Elbette ki o bez parçasını sıvayıp o tribüne sokan birkaç Zihni Sinir firarisi “ ileri zekalı geri” üzerinden tüm Galatasaray tribünleri hedef alınamaz, ama işte o pankartın lekesi İdmanocağı’nın değil Galatasaray’ın tarihine düşüldü.
O kopilleri bulup gerekeni yapmadıkları sürece G.Saray yönetimi de o pankartın sahibi olarak kaydını düşecektir, ayıp bile değil, çok daha düşük bir insanlık halidir önlerindeki.
Ki, hiç tanımadığı bir bedenin altına yatarak ekmek parasını çıkaran bir “fahişe”, o pankartı hazırlayan milyon kopilden milyen kere yakındır bize.

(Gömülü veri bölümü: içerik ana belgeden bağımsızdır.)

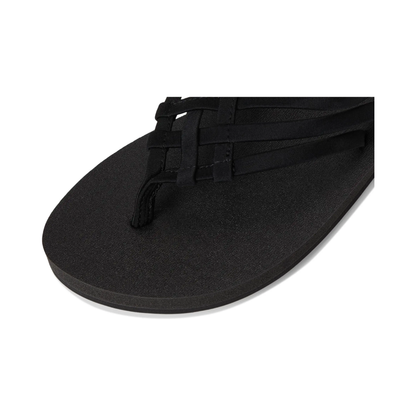 Sanuk Women Yoga Sandy II Memory Foam Flip Flop Sandal Black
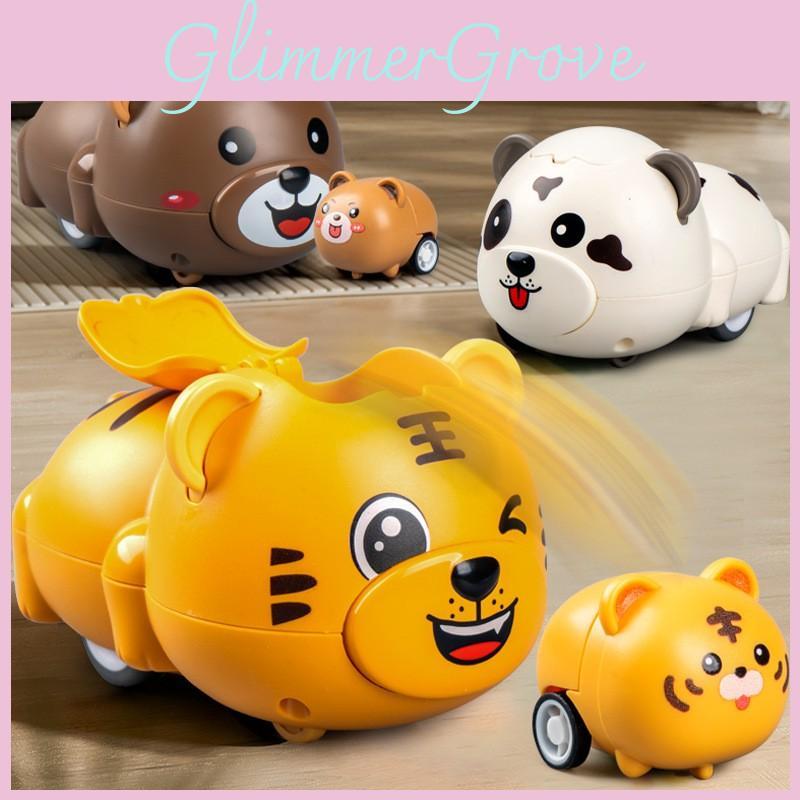Animal Inertia Toy Car With Launching Function For Kids Play And Development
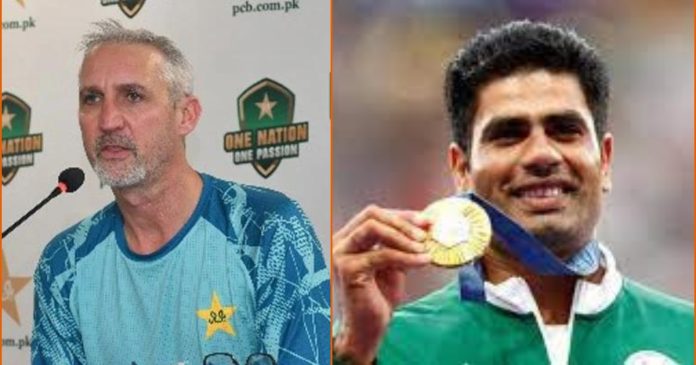 Jason Gillespie invited Arshad Nadeem to the Pakistan Cricket Team dressing room-PCB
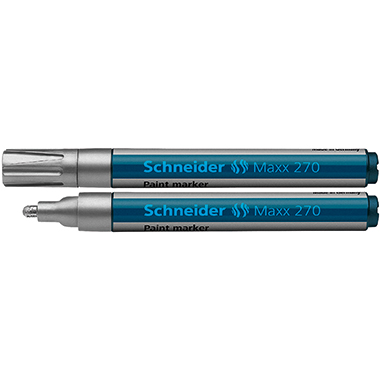 Lackmarker Schneider Maxx 270 1-3mm silb Er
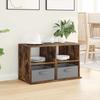 TV Stand with Drawers Smoked Oak 79 x 40 x 48 cm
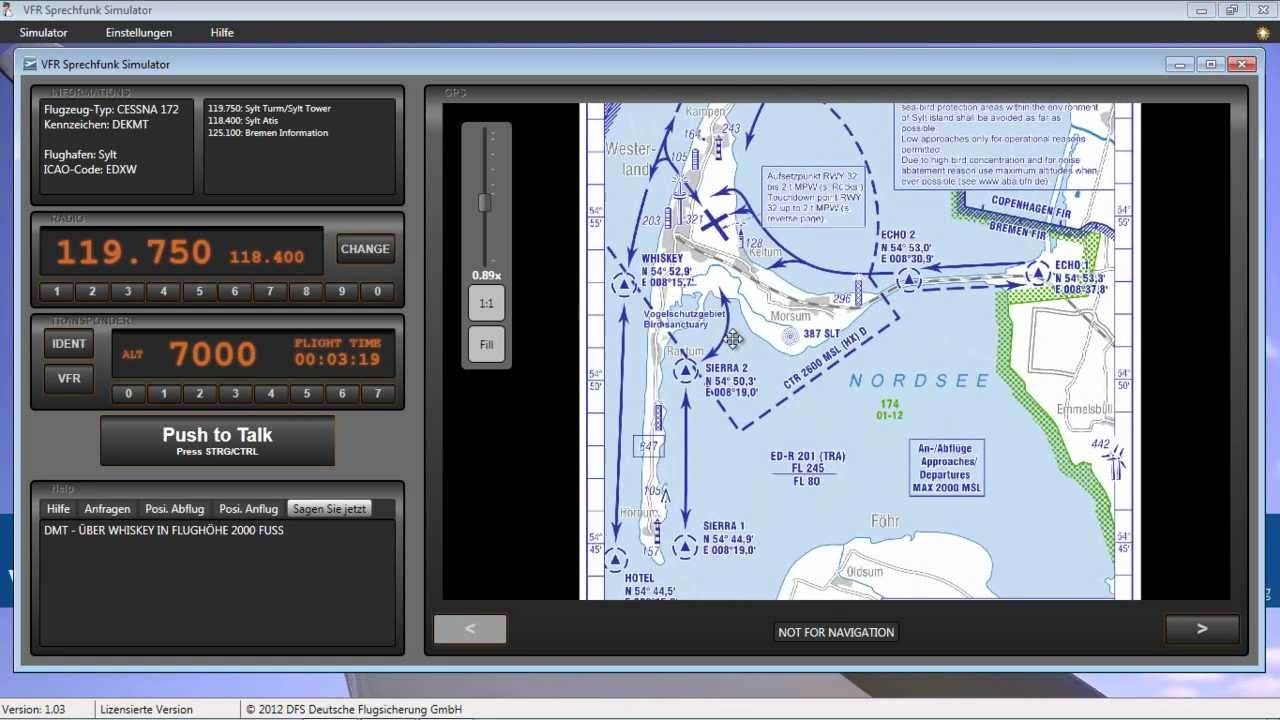 vfr sprechfunk simulator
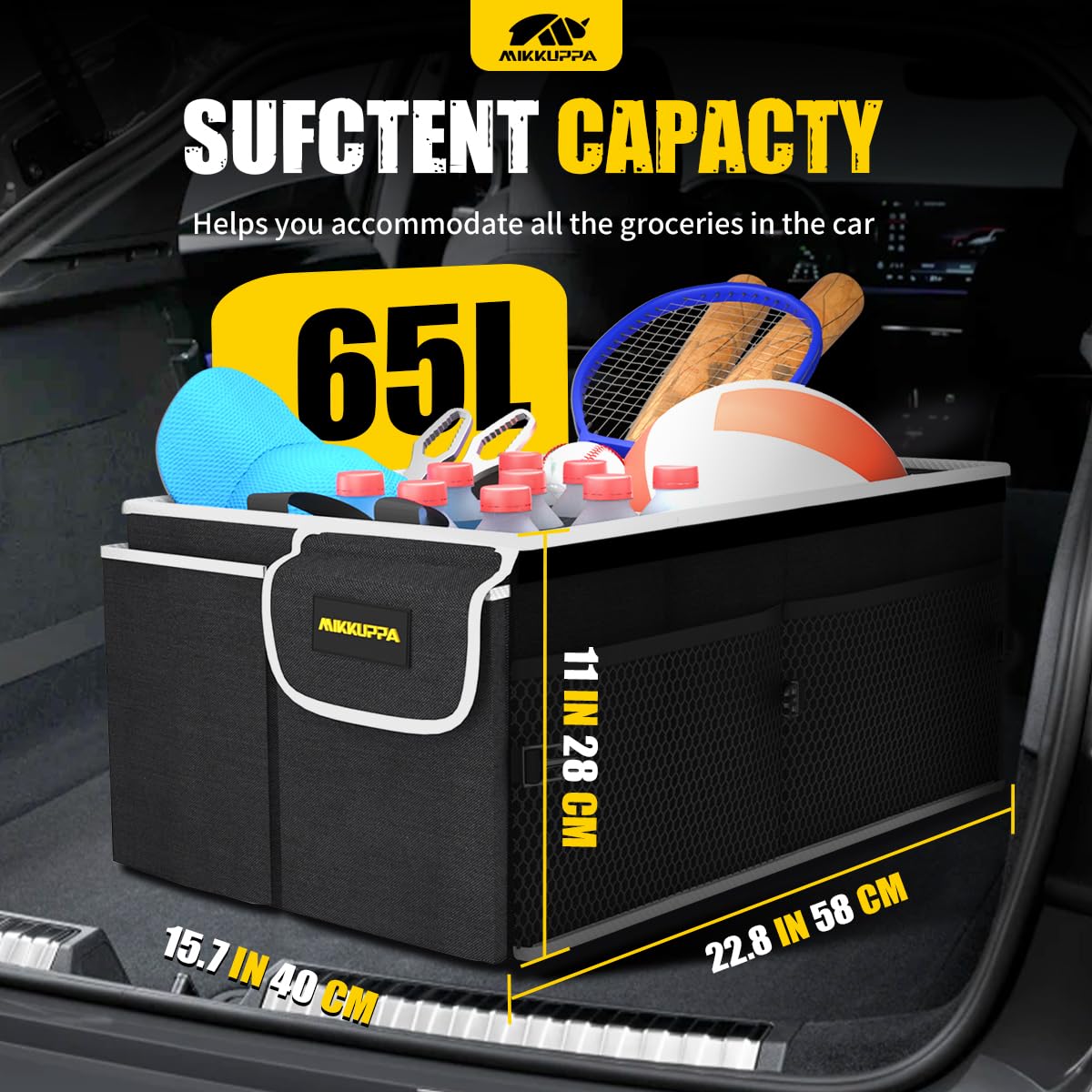 MIKKUPPA open interior showing multiple pockets for tidy storage benefit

Bu konuya girmişken, Fenerbahçe tribünlerinden geçmiş bir utancın temizlenmesine yönelik çabayı da alkışlamayı unutmayalım. Sivasspor Teknik Direktörü Rıza Çalımbay’ın kapıcılık yapan babasına ait insanlık utancı “kapıcı” göndermeli pankartı kimse hatırlamak istemiyor, kapıcı babanın sağlığına kavuşması F.bahçe tribünleri gibi bizim de dileğimiz, sebep olanlara teşekkür ederiz. Umar ve dileriz ki FB tribünleri, ülkenin en büyük markasına şike lekesi çalanları da layık oldukları yere gönderirler, yoksa bu ülkeye bahar gelmeyecek..

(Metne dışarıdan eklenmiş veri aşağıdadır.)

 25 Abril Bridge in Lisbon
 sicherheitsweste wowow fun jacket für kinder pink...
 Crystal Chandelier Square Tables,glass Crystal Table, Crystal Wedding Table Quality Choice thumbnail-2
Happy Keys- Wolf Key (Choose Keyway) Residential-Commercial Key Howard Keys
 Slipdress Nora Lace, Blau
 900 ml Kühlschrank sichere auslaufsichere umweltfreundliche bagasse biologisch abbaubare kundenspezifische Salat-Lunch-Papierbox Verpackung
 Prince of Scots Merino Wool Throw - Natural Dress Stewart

Bursa taraftarına da bir cümle;
4 yılı paylaştığınız Ertuğrul Sağlam’ı 1 gün içinde unutabilme becerisini nasıl kazandınız? Sadece şampiyon olunarak büyük olunur mu!
Futbolun Cerahati patladı
Ülkemizdeki şike skandalını yargı kararına rağmen unutturmaya, yok saymaya ve normalleştirmeye çalışan güruh, bakalım Dünya ölçeğindeki bunca cerahati nerelere sokacak!
Henüz şok hali devam ediyor, cerahat saçıldıkça “adam” bellenen nice cüdamlar düşecek orta yere, şimdilik sadece bekliyoruz.

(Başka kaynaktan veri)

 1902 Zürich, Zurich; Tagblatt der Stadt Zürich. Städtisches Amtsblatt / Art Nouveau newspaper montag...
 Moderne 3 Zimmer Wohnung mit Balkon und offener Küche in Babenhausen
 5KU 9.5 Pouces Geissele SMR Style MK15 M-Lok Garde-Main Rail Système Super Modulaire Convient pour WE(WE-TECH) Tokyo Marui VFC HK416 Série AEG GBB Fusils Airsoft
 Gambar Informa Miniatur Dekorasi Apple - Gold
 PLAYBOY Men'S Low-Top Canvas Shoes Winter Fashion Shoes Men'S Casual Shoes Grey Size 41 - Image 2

Başta iktidar erki ve siyasiler olmak üzere, siyasal varoluşlarını apolitik kitleler üzerindeki ucuz siyasi hamleler üzerine kuranları bir noktaya kadar anlamak mümkün. Sonuçta bu dünyanın insanları evliyalar tekkesinden ya da Aristo okulundan gelmediler, hepsinin bir hesabı var, ve her hesapçının da taktikleri
Lakin, topluma kanaat önderi diye sunulan Cengiz Çandar , Bedri Baykam ve Ergun Babahan vs gibi bakıldığında saygı uyandıran kimi isimlerin şike karşısındaki tavırları, ahlakın turnusolunun bile nasıl değişken olabildiğinin vesikalıkları olarak beyinlere kazındı. Önünüzde büyükçe bir camı taşıyan iki adam düşünün şimdi, ve o camın ellerinden kayarak caddeyi şangdırdatan bir şaşkınlığın operası olduğunu. Çandar’ın FB TV’ye verdiği ve inanamadığım ifadelerin yer aldığı o röportajı bu şangırtı arasında kaydetmiştim, bir gün kendisiyle karşılıklı oturup izlemek için. O röportajı dinleyip de CÇ’a kulak veren üstü kalsın desin, üstü yok zaten!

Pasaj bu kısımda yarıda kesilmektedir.